[Start of section]

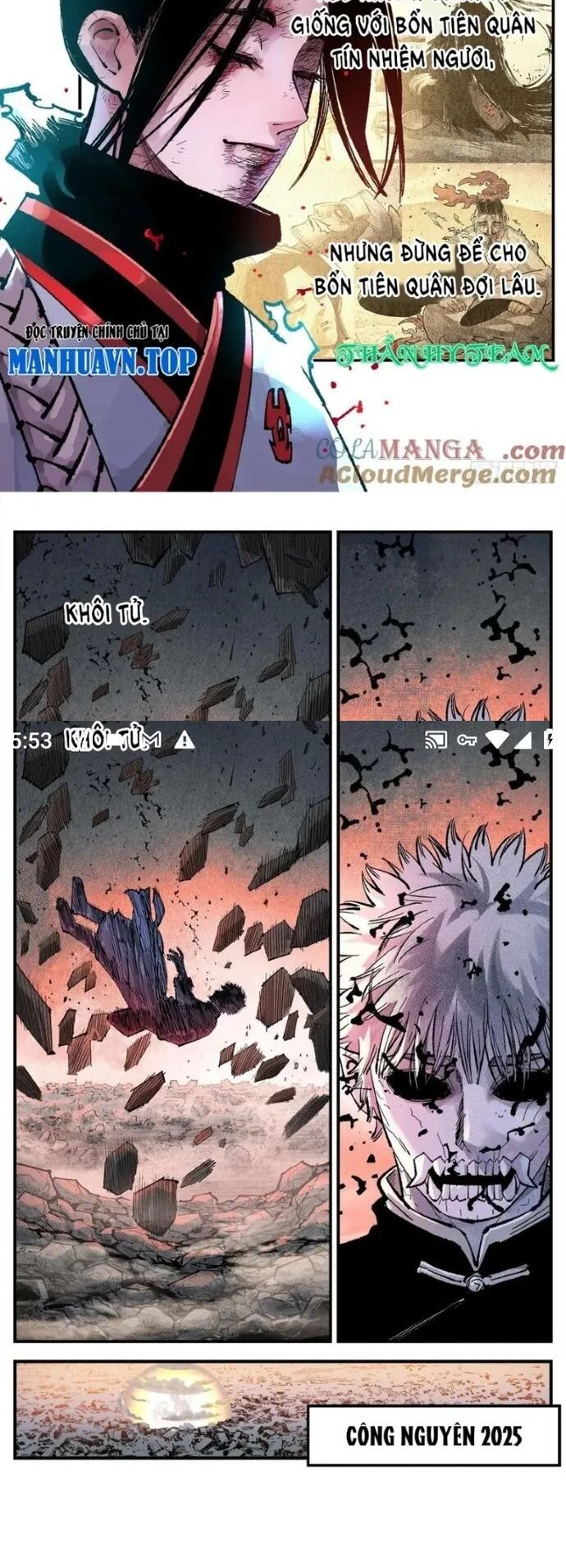 Nhật Nguyệt Đồng Thác Chương 268 Ảnh 13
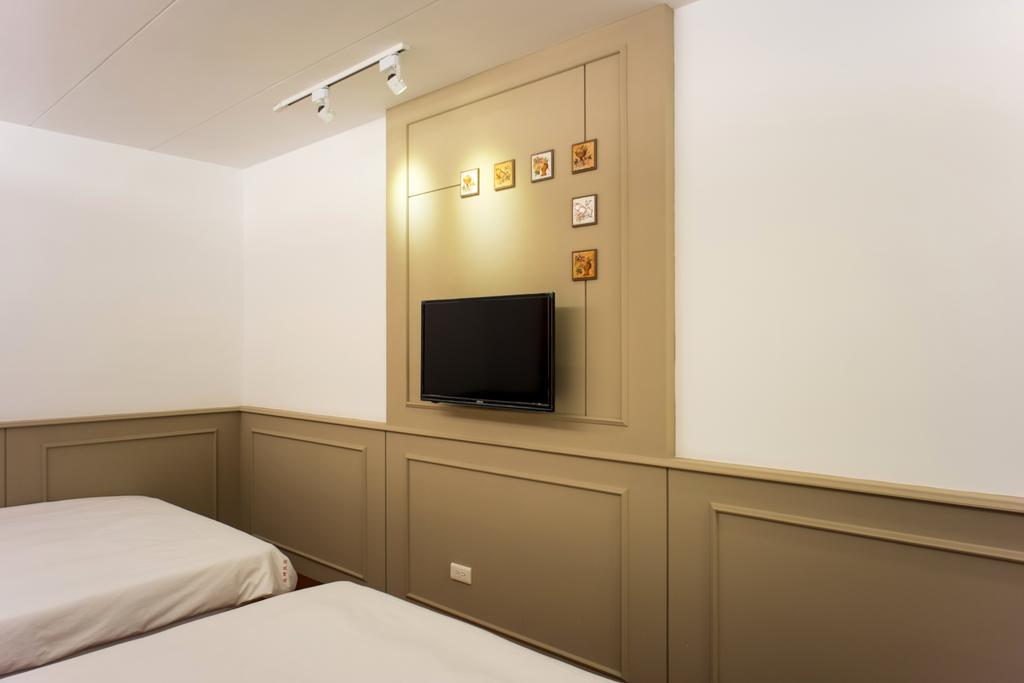 Bei Pin B&B 南湾 部屋 写真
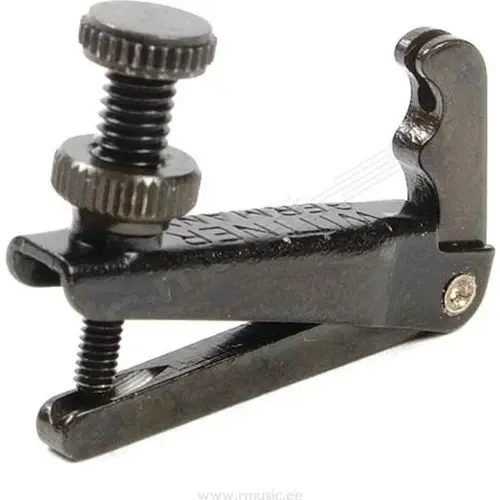 4/4 - 3/4 Keman Fix - Siyah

[End of section]

Problem details: Leaving out the pictures, output the listing above exactly as given.

Answer to this task:
 Nhật Nguyệt Đồng Thác Chương 268 Ảnh 13
 Bei Pin B&B 南湾 部屋 写真
 4/4 - 3/4 Keman Fix - Siyah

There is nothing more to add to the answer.